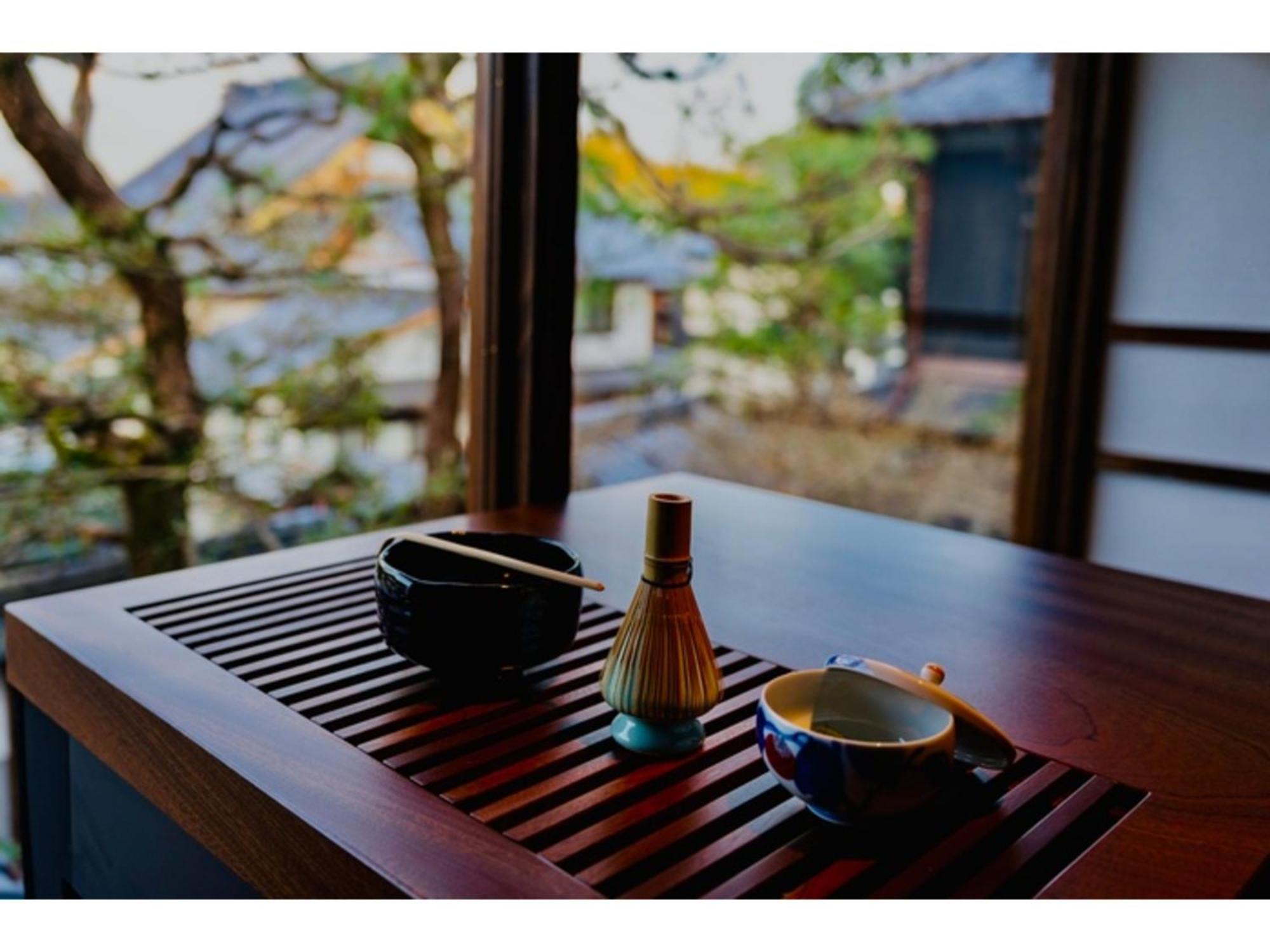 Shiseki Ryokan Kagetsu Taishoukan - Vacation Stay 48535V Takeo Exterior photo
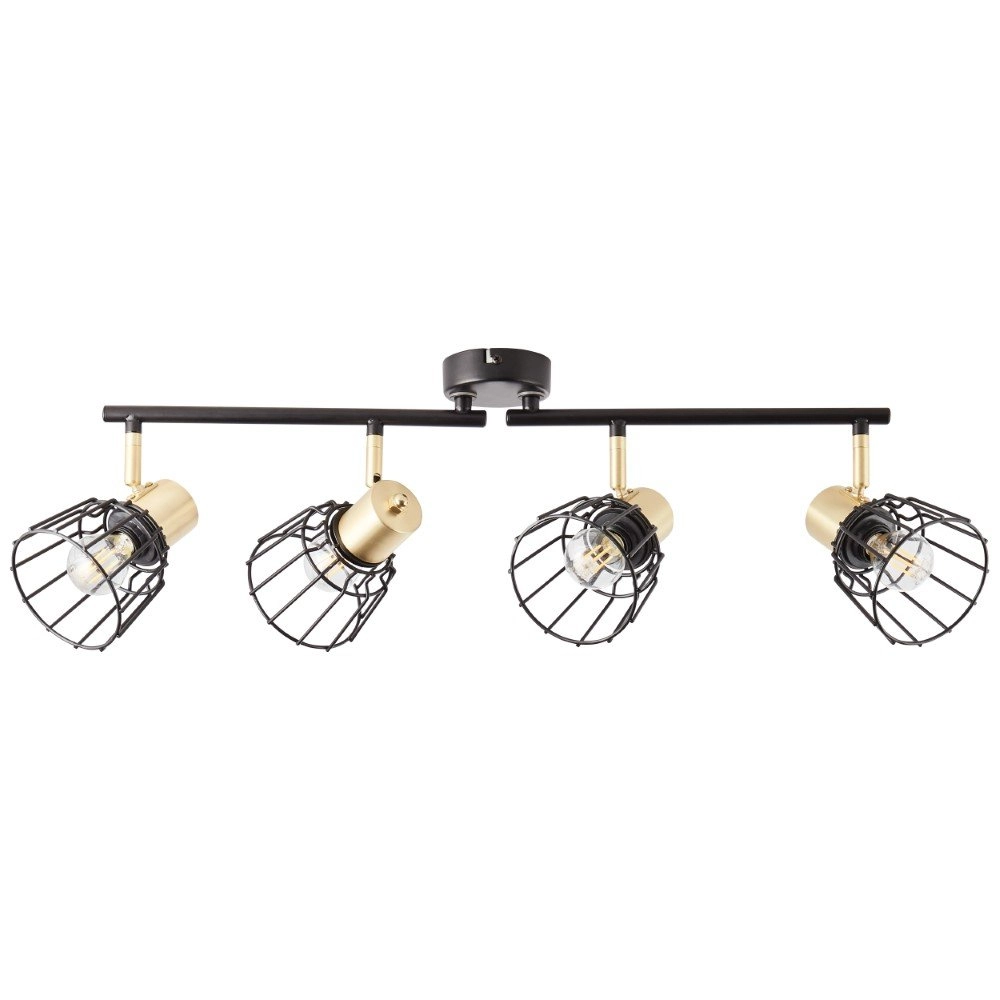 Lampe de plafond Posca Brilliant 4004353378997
...
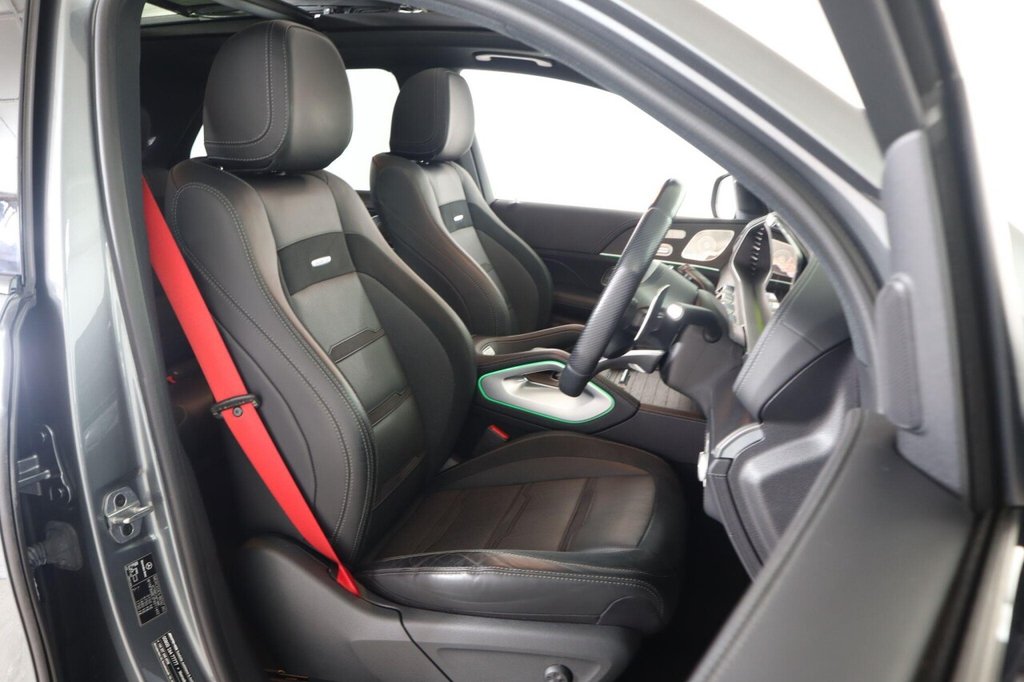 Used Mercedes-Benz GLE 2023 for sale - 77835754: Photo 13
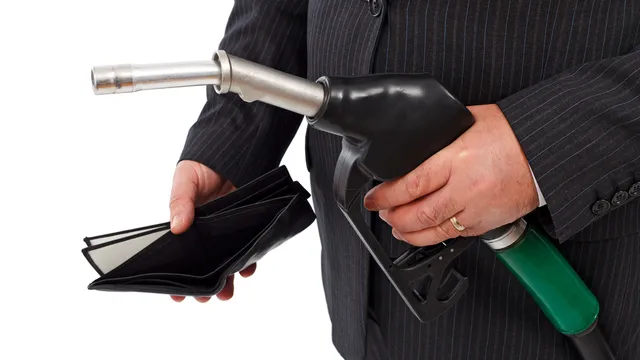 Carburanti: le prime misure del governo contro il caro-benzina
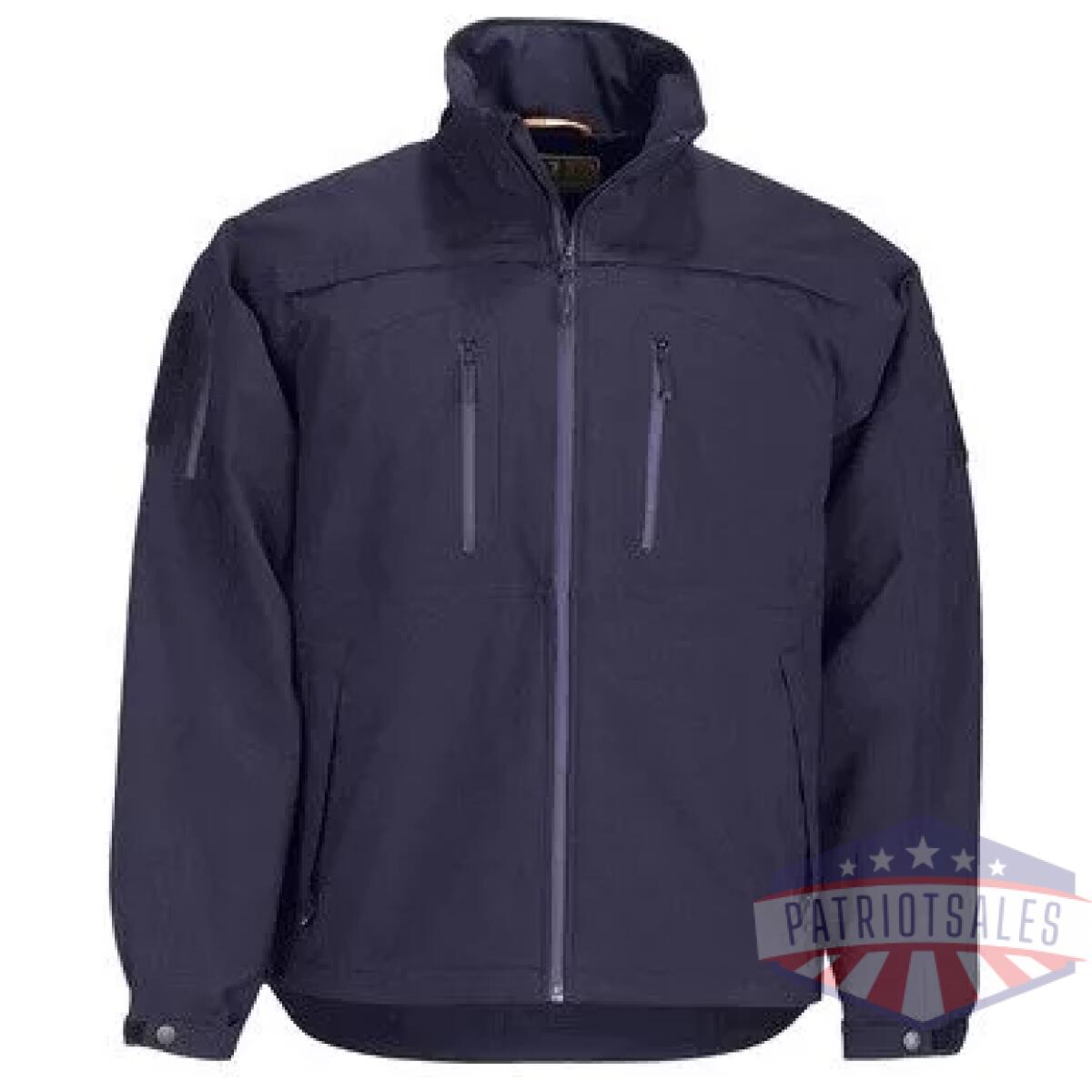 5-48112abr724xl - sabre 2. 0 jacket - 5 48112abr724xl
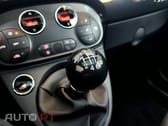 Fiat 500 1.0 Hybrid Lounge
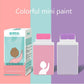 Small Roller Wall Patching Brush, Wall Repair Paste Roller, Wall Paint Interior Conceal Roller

ACTION ITEM> Taking the material above, give again exactly the lines from the one holding "Shiseki Ryokan Kagetsu" through the one holding "Lampe de plafond", with both ends and without pictures.

PROBLEM SOLUTION>
 Shiseki Ryokan Kagetsu Taishoukan - Vacation Stay 48535V Takeo Exterior photo
 Lampe de plafond Posca Brilliant 4004353378997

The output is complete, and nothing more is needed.